In this presentation, the authors will describe the tools, processes and support provided to conservation policymakers and practitioners at the global, national and sub-national levels to ensure that all threatened tree species are subject to protection and recovery actions.

The world’s botanic gardens and arboreta grow at least 18,000 tree species and are the repositories of data, knowledge and skills essential to achieving a zero-extinction outcome. It is therefore imperative that the botanic garden conservation community leads this process, deploying our researchers, horticulturists and educators to help society to safeguard all tree species for future generations.

Funga: A firm step towards mainstream fungal conservation

Furci, G.

Fungi Foundation, Chile & USA

The importance of fungi in both natural ecosystems and human contexts has been extensively documented. Their ecological roles range from nutrient cycling to mycorrhizal partnerships with other organisms, to carbon cycling and sequestration. In the human context, the vast array of services they provide is hard to overstate. It is imperative we protect them on an equal footing as plants and animals while acknowledging the fact that they are neither. The first step to protecting them is saying their name and the Flora Fauna Funga (FFF) Initiative was born out of this necessity.

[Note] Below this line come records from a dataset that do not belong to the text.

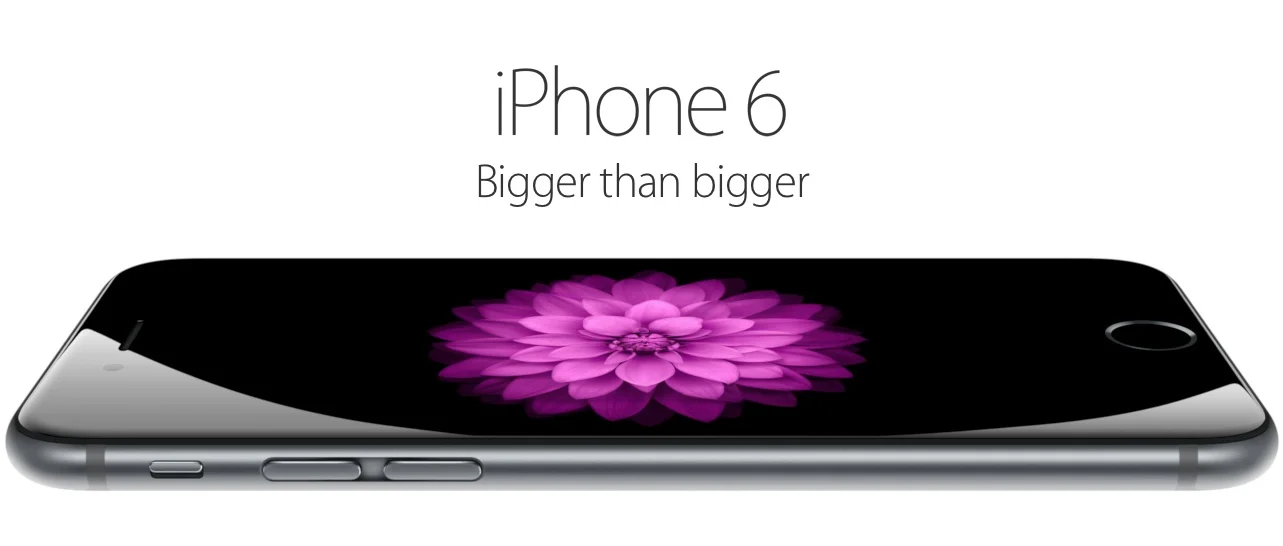 iPhone 6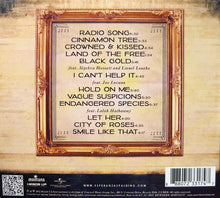 Load image into Gallery viewer, Esperanza Spalding : Radio Music Society (CD, Album, Dig)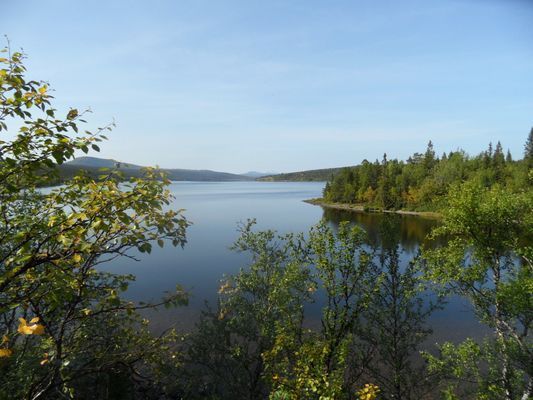 Mysig liten stuga - Bild 32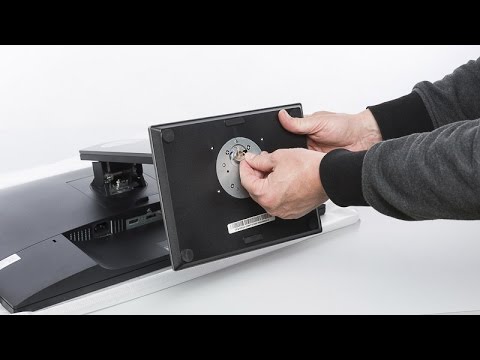 DELL P2418HZ für Remote-Meetings und Videokonferenzen (Hands on)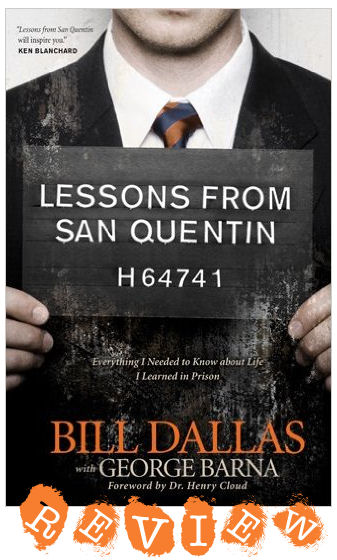 Lessons from San Quentin Review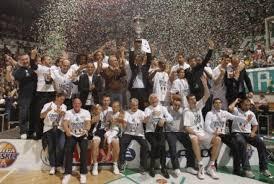 Basket: Siena nella leggenda, storico sesto scudetto consecutivo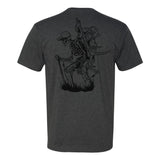 Bow Hunter BASIC Tee - Small - Shirt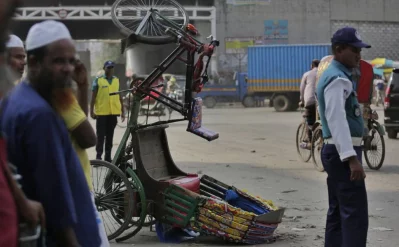 Photo: Mehedi Hasan/Dhaka Tribune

At the heart of this discussion lies the recognition that fungi do not just form a separate kingdom but rather a distinct way of life. Unlike plants and animals, which are often perceived as individual species, most fungi exist in a state of inseparable interdependence with organisms around them. Consequently, their protection is an effective way to ensure habitat conservation leading to the safeguarding of nature as a unified whole.

Language creates reality, and thus, the transformative power of using mycologically-inclusive language is vital to showcase the interconnectedness of nature. The FFF Initiative aims to trigger, spread and track fungi-related terminology in everyday discourse, in organisations, institutions and museums that can make a big impact. By doing so, we can raise public awareness and influence policies. In this talk, we will demonstrate how a ‘simple’ linguistic change can influence environmental decisions, why it is important, and what you can do.

Africa’s opportunities and challenges for restoring degraded ecosystems and expanding effective conservation and protected areas in line with the 2030 Global Biodiversity Framework

Mulongoy, K.J.

Institute for Enhanced Livelihoods, Canada & Democratic Republic of Congo

In 2019, the Global Biodiversity Outlook reported that the world failed to reach the 2010 targets to restore 15% of degraded ecosystems and to protect 17% of land areas and 10% of marine and coastal areas by 2020. In December 2022, the Parties to the Convention on Biological Diversity adopted the Kunming-Montreal Global Biodiversity Framework (GBF) which includes a global target to have at least 30% of degraded ecosystems under effective restoration and a target to expand the protection of the planet to 30% by 2030. The Parties agreed to align their national targets with the GBF. Countries have started the process of updating their biodiversity targets.

Africa’s biodiversity is unique and of global importance. However, its situation raises concerns that require urgent consideration at the international level. For example, Africa’s ecosystem degradation is the highest worldwide, now and in the coming 50 years. Most protected areas in Africa are underfunded and, particularly in war zones, cannot perform effectively. Africa has the largest financial and technical gap for biodiversity conservation, and an unsustainable dependence on foreign assistance for its biodiversity work.

We describe four key points that will determine the success of African countries in restoring degraded ecosystems and expanding effective conservation and protected areas, as well as how much they will contribute to the global targets. These requirements include ways and means for updating national targets, mobilizing the needed financial resources, and transforming people’s minds for the effective and efficient implementation of national biodiversity action plans.